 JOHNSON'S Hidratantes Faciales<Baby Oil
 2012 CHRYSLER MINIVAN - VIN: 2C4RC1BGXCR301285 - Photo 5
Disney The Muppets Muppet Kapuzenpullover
=======
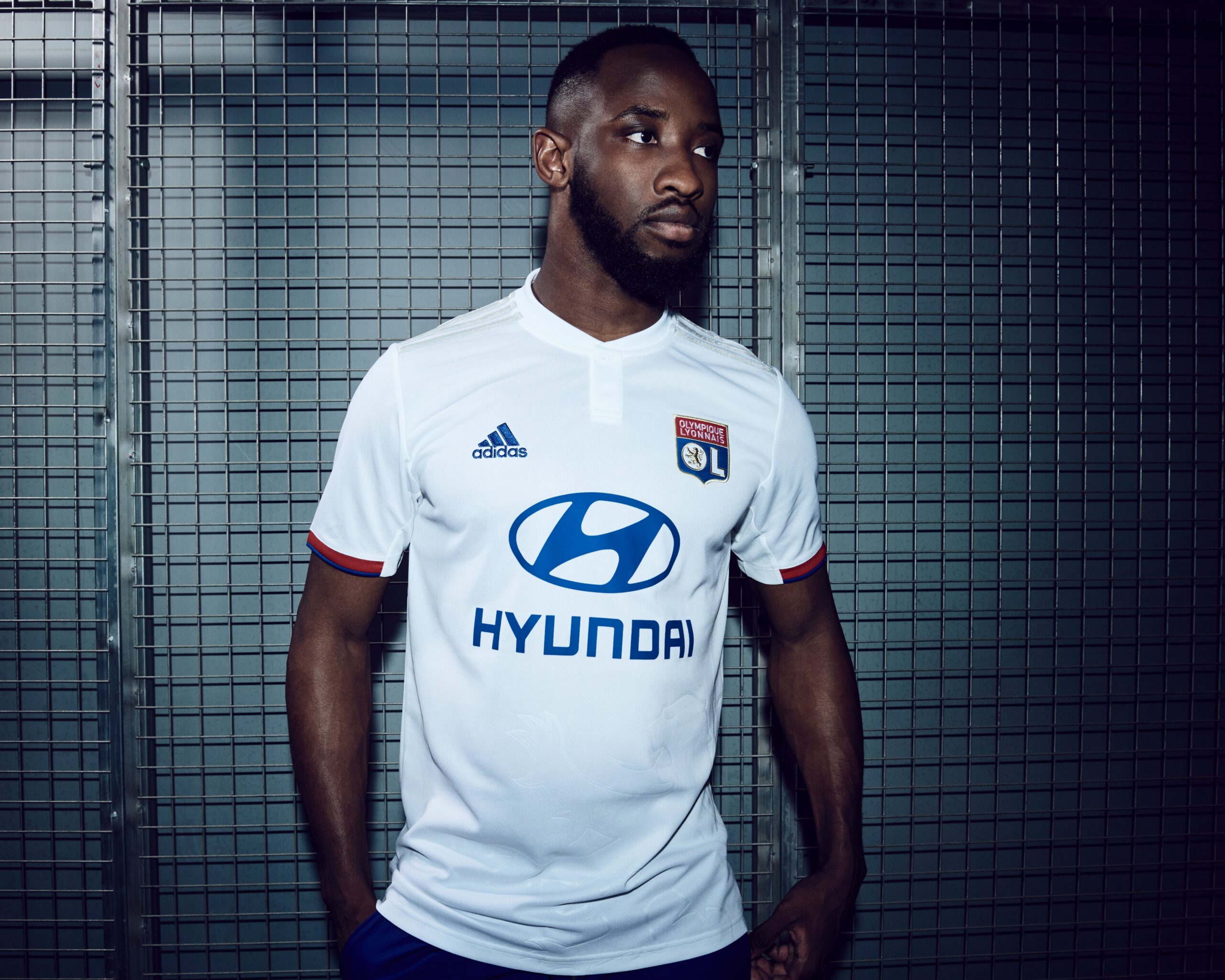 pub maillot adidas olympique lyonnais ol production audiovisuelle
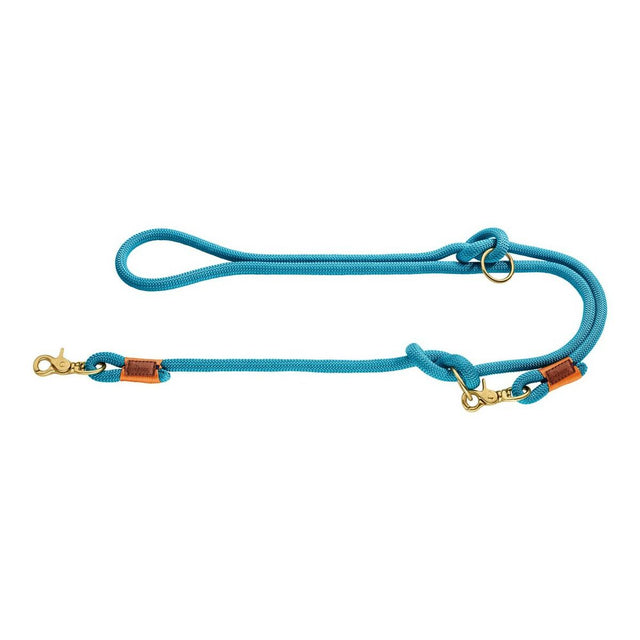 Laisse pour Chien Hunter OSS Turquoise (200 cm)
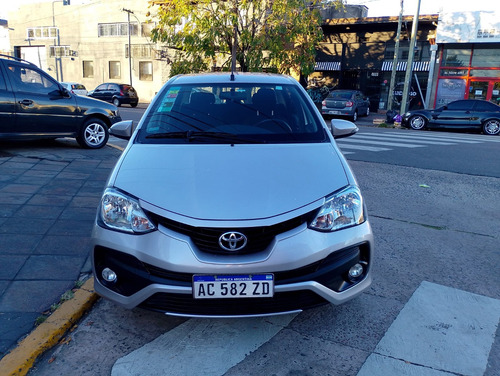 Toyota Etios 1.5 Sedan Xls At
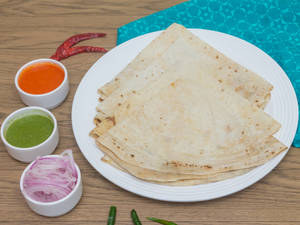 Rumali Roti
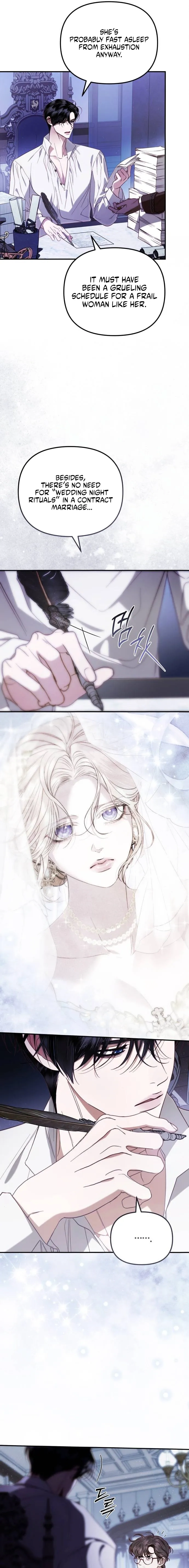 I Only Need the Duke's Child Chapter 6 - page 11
=======
Goal of the exercise> What should come back is an exact copy of the lines above from the line with "Rumali Roti" to the line with "I Only Need", both included, minus the pictures.

Expected answer>
 Rumali Roti
 I Only Need the Duke's Child Chapter 6 - page 11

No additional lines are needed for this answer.